Pscarb i had to pay for that vest buddy,

unfortunateley i am not sponsored but get products cheap.

I stock over 3000 products online [i wont plug the shop as i am not a sponsor]

I can choose any product and imo for protein, i prefer cnp.

I do rate other brands like extreme and phd though.[reflex have some good products]

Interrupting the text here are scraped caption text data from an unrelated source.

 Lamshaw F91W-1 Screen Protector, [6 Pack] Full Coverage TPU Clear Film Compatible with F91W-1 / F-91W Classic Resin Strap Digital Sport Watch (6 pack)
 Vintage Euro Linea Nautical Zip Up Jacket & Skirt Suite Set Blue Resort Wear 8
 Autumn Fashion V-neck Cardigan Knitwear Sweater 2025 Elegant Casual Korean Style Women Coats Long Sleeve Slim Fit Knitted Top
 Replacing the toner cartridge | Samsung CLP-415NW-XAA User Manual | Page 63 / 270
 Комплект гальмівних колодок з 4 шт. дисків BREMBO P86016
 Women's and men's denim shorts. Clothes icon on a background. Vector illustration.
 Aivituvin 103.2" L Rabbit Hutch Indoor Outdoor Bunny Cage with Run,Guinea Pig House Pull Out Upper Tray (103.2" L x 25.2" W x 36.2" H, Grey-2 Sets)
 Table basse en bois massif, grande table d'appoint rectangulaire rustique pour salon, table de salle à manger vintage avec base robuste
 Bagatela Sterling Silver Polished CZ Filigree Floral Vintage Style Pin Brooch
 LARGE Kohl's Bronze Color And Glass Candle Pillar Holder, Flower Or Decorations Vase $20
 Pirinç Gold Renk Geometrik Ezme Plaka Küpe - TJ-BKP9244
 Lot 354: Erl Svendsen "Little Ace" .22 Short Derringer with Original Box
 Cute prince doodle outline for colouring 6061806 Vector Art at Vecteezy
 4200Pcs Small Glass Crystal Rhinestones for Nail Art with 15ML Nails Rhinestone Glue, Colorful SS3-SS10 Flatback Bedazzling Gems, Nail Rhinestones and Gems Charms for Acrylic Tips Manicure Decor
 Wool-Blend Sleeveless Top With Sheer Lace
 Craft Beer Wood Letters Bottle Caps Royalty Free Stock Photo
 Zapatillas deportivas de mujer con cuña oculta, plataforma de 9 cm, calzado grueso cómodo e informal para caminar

I am not bashing MP, i just think its far fetched to claim its as good as the leading brands.


----------



## myprotein (May 15, 2004)

Hi,

Please note we are not comparing ourselves to CNP specifically. They are a great company and we have lots of respect for them.

We test all of our products by a 3rd party and all results show our products are as good as the leading brands based on nutritional data and we are confident on performance as well.

Some of our MP Max range (True Whey, Protein Flapjacks etc) is made by the same factory as PHD use for some of their products (and many other leading brands do). So the fact we offer lower quality products just doesn't stack up.

Regards,

MP Sales


----------



## TilerJack (Mar 29, 2008)

Iron head case can you please pm me your website details and also include details of products you recomend for bulking up?. Currently 14stone train 3-4 times a week looking for protein, creatine and maybe something stronger. I tend to ache quite alot the day after training so something like pro recover maybe.

Thank you for all the replys interesting thread not bad for one of my first


----------



## 3752 (Jan 7, 2005)

iron head case said:


> Pscarb i had to pay for that vest buddy,
> 
> unfortunateley i am not sponsored but get products cheap.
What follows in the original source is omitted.